Pero la historia continuaba sola y vino
directa hacia mí.
Tocaron al timbre: era él,
Jorge Hache, con su bastón y su cara de lúcida mansedumbre. ¿Cómo sabe que soy yo, y que estaba aquí?
¡Imposible! Fue lo primero que pensé.
Ahí estaba Hache, en calidad
de cliente.
No mencionaré el motivo
de su visita. El mero hecho de aludir a una persona concreta como
paciente de una terapia ya viola no solo códigos éticos de la
profesión sino que puede ser constitutivo de delito. Justifico
seguir adelante con esta narración y dar cuenta de ciertos mínimos
detalles, en cualquier caso, con la certeza de haber sido autorizado
por el propio Hache. Los cotilleos personales y las polémicas
ignominiosas quedan fuera de la realidad que pretendo rememorar (y
que, por otro lado, se trata de una realidad bastante común): el
señor Hache realizó un tratamiento sin grandes complicaciones y
obtuvo mejoras razonables sobre su problemática en un tiempo
relativamente corto. Eso es todo cuanto nos interesa: que Jorge Hache
hizo un tratamiento en mi Centro, que yo fui su terapeuta.

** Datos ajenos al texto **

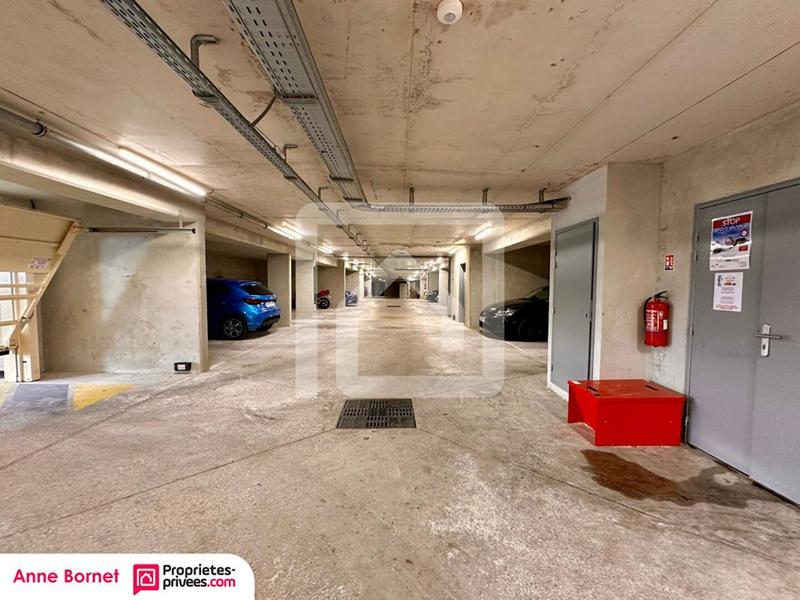 Parking / Garage - 16 m²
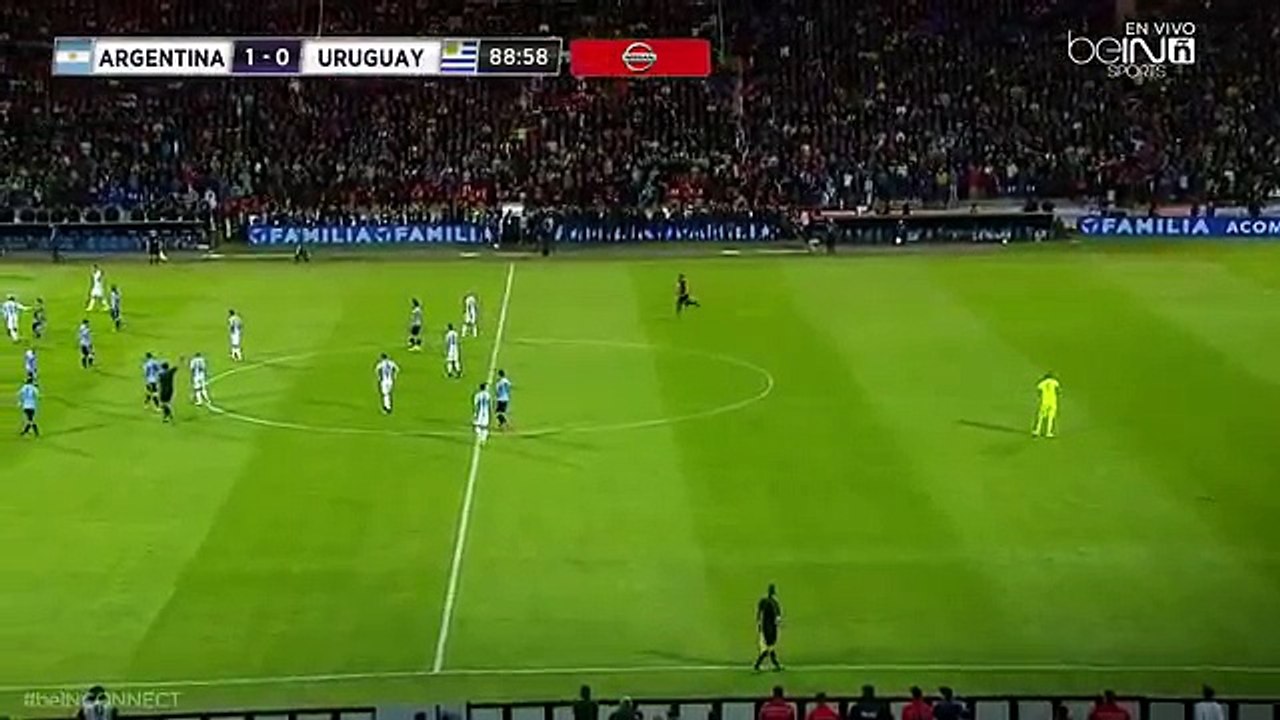 Lionel Messi abraza a un aficionado durante el Argentina vs Uruguay 1-0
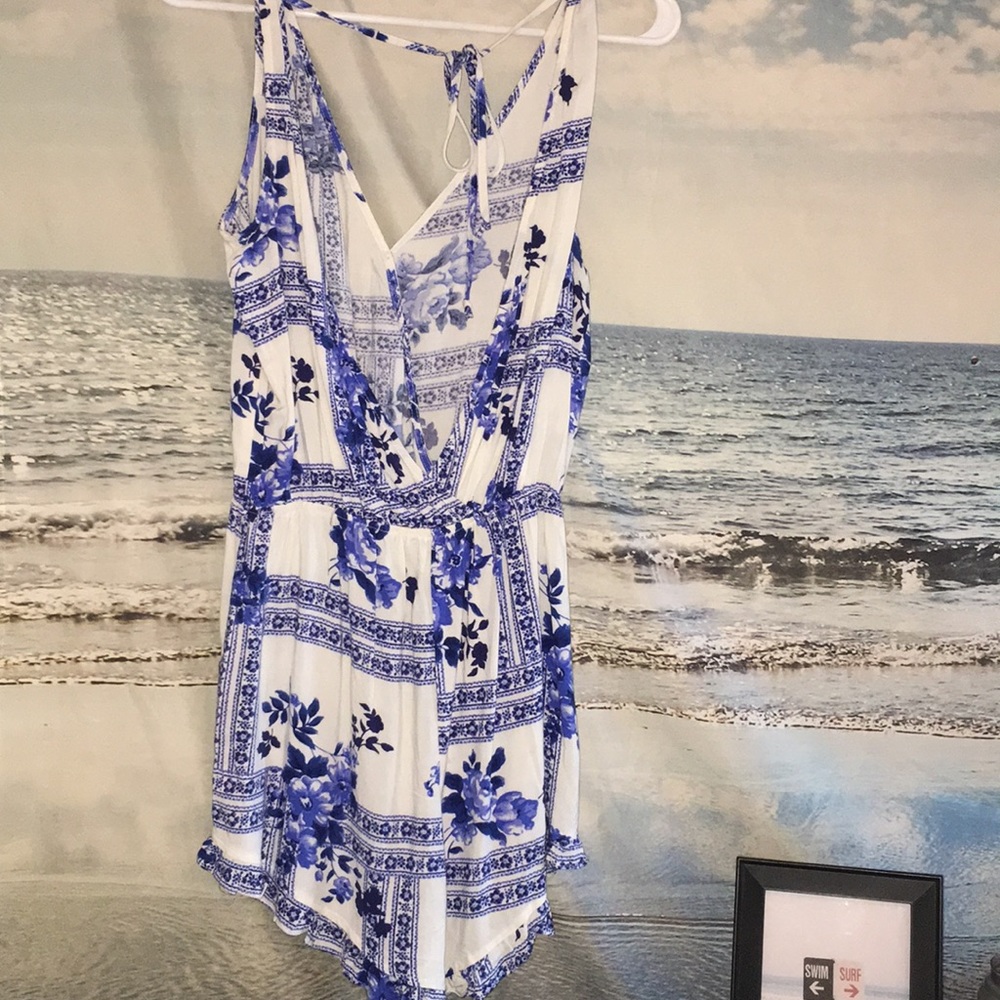 Romper - Picture 2 of 3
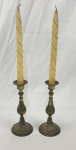 Par de castiçais em metal dourado, ricamente cinzelado. Acompanha velas. Alt. 20cm.
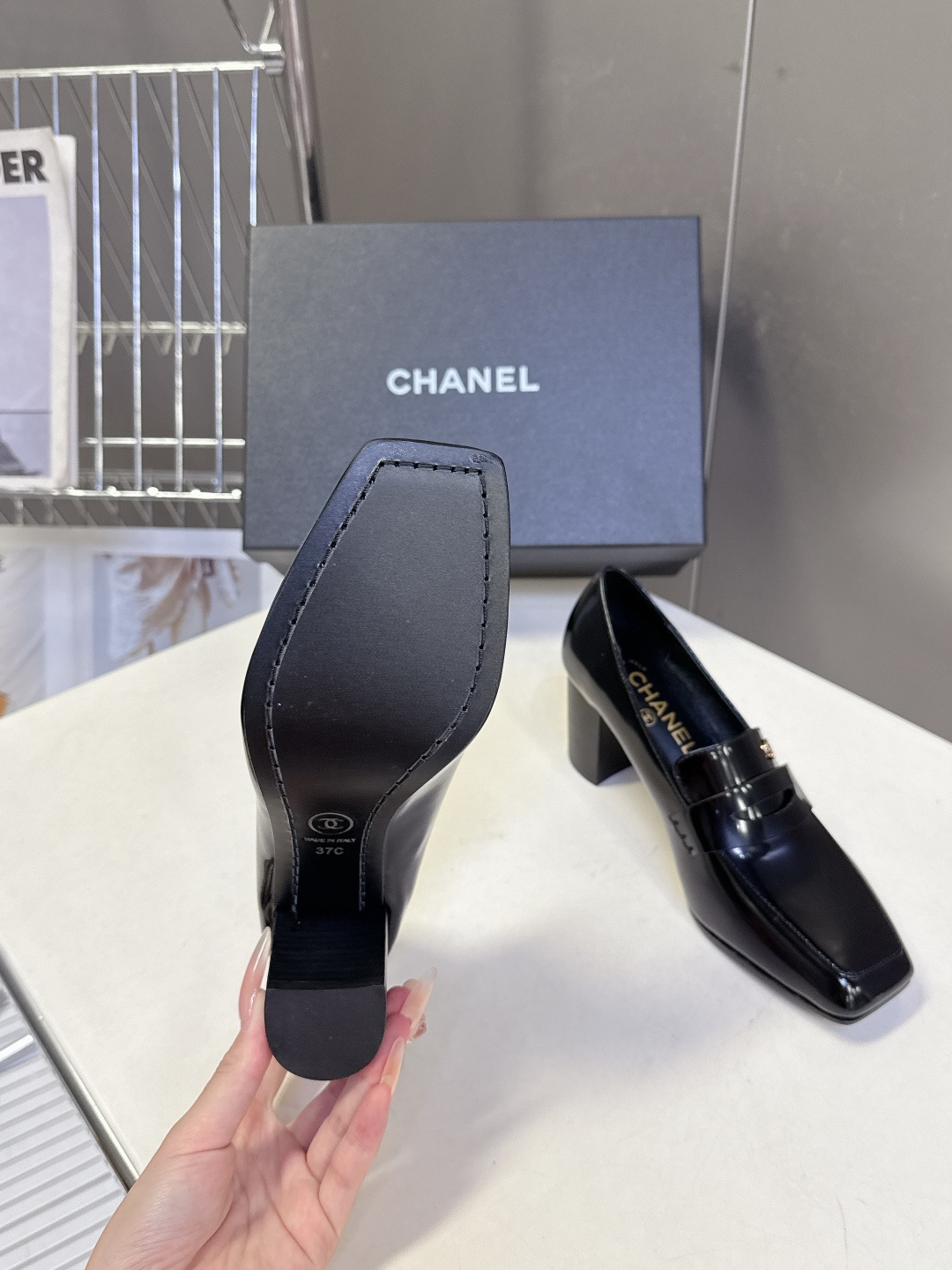 CHANEL香奈儿最新款方头粗跟乐福高跟鞋 超多明星网红种草 复古小方头 便士乐福经典鞋身结构 鞋面带标志性金属双C品 CHANEL香奈儿最新款方头粗跟乐福高跟鞋 超多明星网红种草 复古小方头 便士乐福经典鞋身结构 鞋面带标志性金属双C品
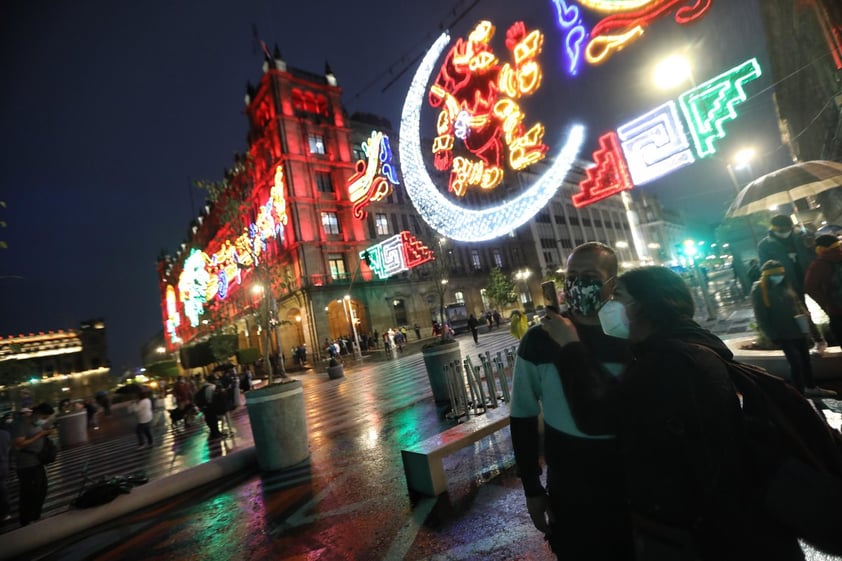 Alumbrado decorativo ilumina Zócalo de CDMX; conmemora 500 años de la Conquista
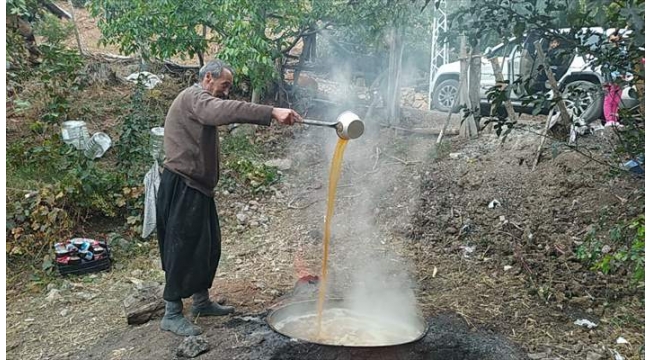 Üzüm pekmezi yapımı devam ediyor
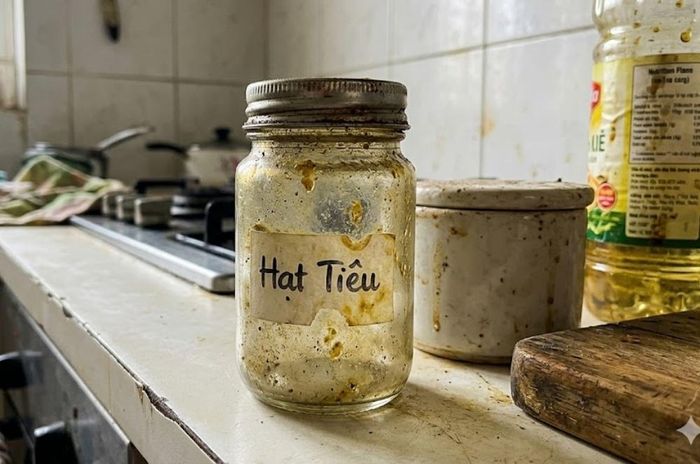 Hũ đựng gia vị thường phải hứng chịu lượng hơi nước và dầu mỡ bay lên, bám thành một lớp màng nhờn rít trên vỏ chai, thu hút vi khuẩn và bụi bẩn. (Ảnh minh họa: AI)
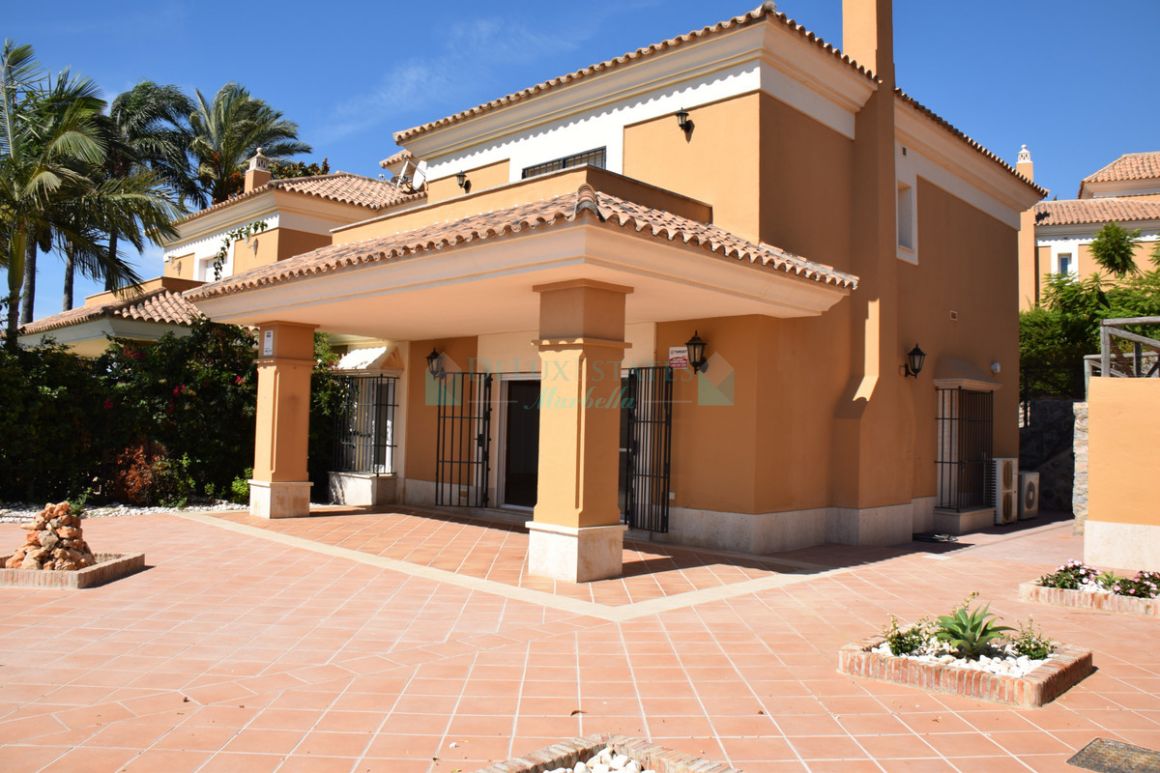 Semi Detached Villa for rent in Santa Clara, Marbella East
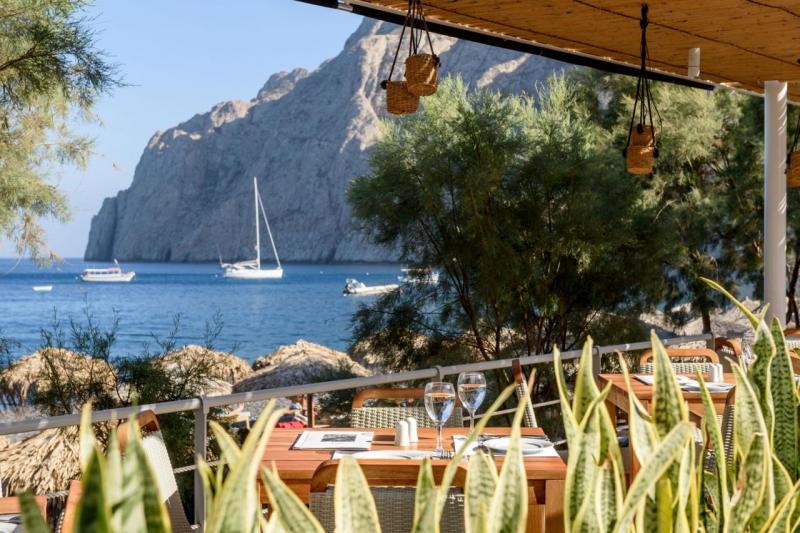 Szantorini Kamari utazás Kamari Beach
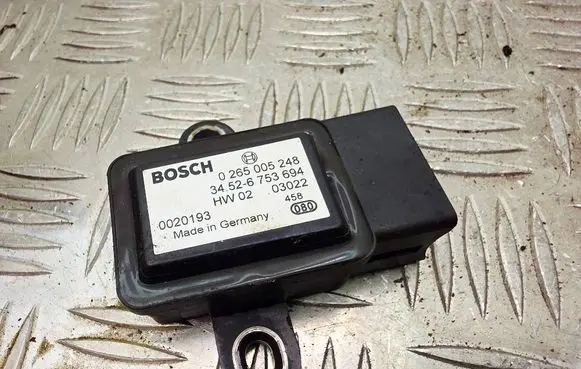 BMW 5 E39 ESP acceleration yaw rate sensor 6753694 0265005248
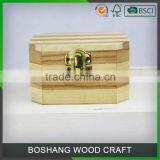 6 Bottle Cedar Wood Wine Box thumbnail-3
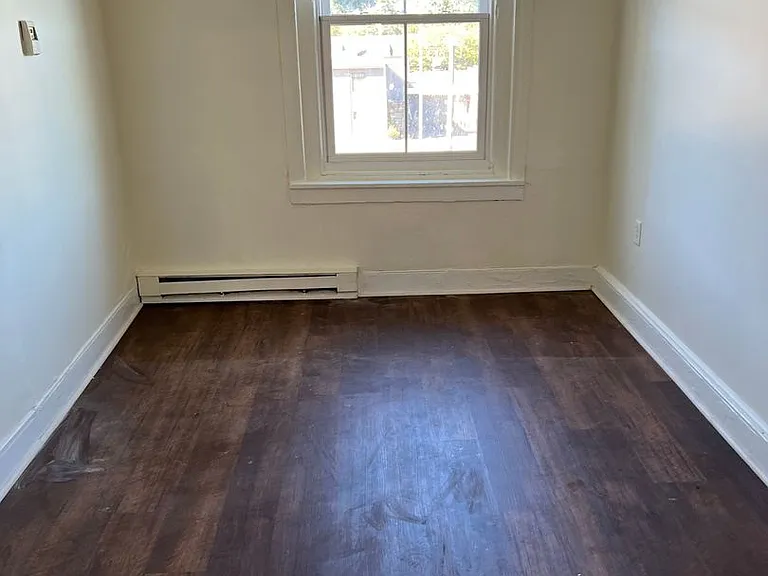 136 E Bushkill St — Photo 16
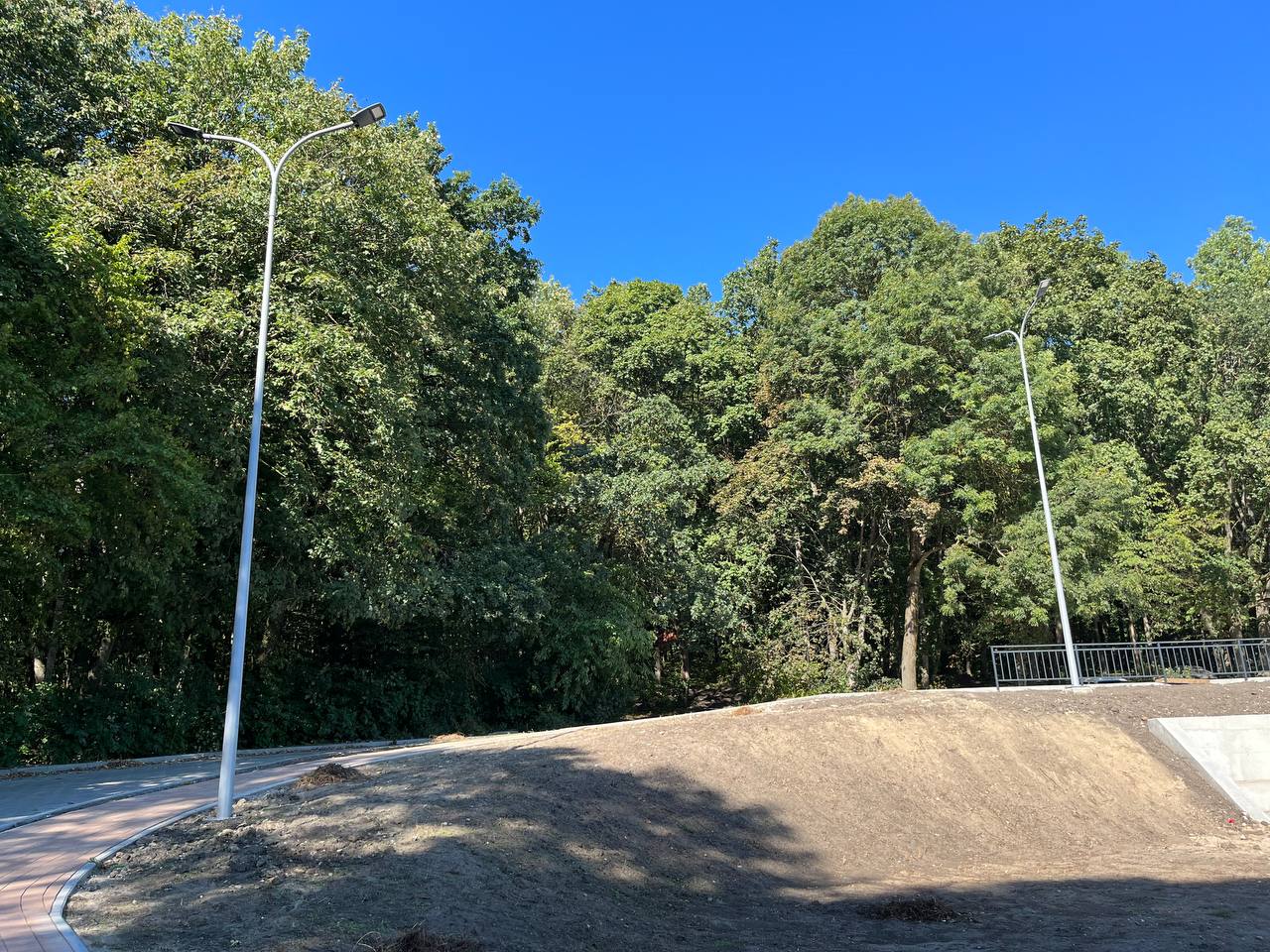 Новини Тернополя - фото з Реконструкція Дальнього пляжу за 42 мільйони: що змінилося та чи встигнуть все доробити до кінця року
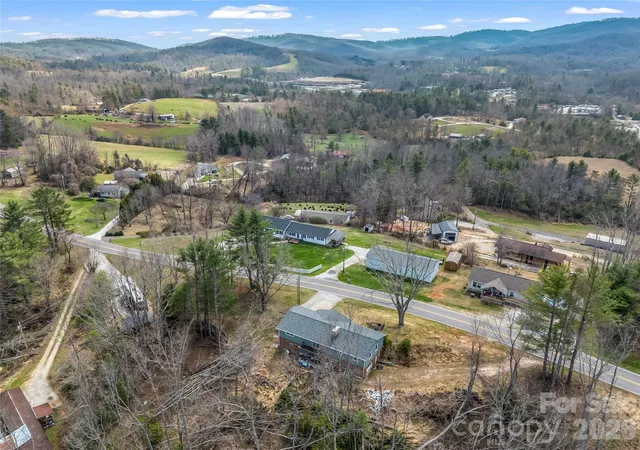 Listing Photo 2 - Condo for sale in building located at 1086 Carters Ridge Rd, Spruce Pine, NC 28777 - Unit #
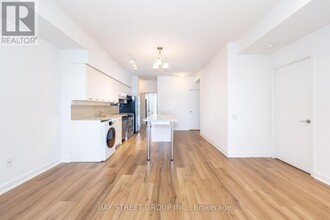 33-2733 Singer Ct in Toronto, ON - Building Photo - Building Photo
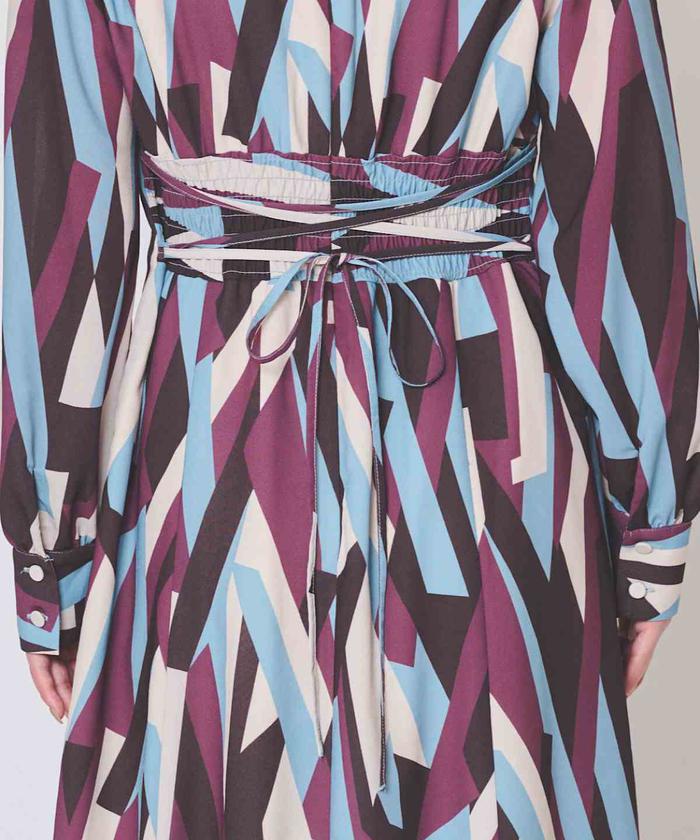 セール 50%OFF】ジオメトリックボウタイハイネックワンピース セール 50%OFF】ジオメトリックボウタイハイネックワンピース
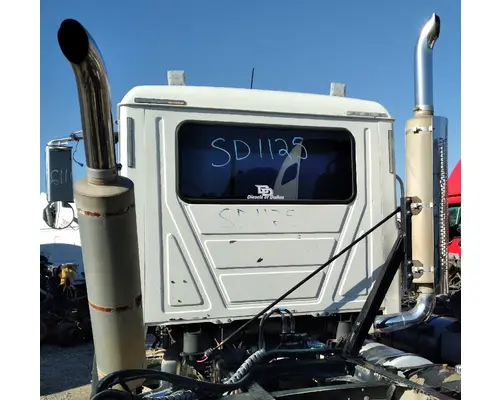 MACK CH613 Cab Assembly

Naturalmente, durante aquellas sesiones
semanales en que el señor Hache me desglosaba sus cuitas y sus
preocupaciones, sus heridas y sus deseos más profundos, yo no podía
dejar de pensar en quién tenía en frente, en mi despacho, a pesar
de toda mi experiencia laboral: era Jorge Hache, el editor más
reputado de la lengua española. Mientras aquel paciente frágil y
noble se apoyaba en mí y me confiaba sus secretos y sus traumas, yo,
lamentablemente, mezquinamente, no podía dejar de pensar en lo cerca
que estaba de mis sueños más lozanos. No era nada profesional mi
actitud, desde luego, pero me esforzaba en aparentar entereza y
atención y por momentos conseguí superarme, logré hacerle de
espejo cóncavo o convexo, según conveniencia, para que él mismo
llegara a desentrañar sus propias trampas (y decidiera lo que hacer
con ellas). Hice lo mejor que pude mi trabajo, en suma, y salió
bastante bien. Y además diría que, salvando esos abismos
insalvables de la sana relación terapéutica, hicimos buenas migas,
o, como se dice en el argot, buen vínculo.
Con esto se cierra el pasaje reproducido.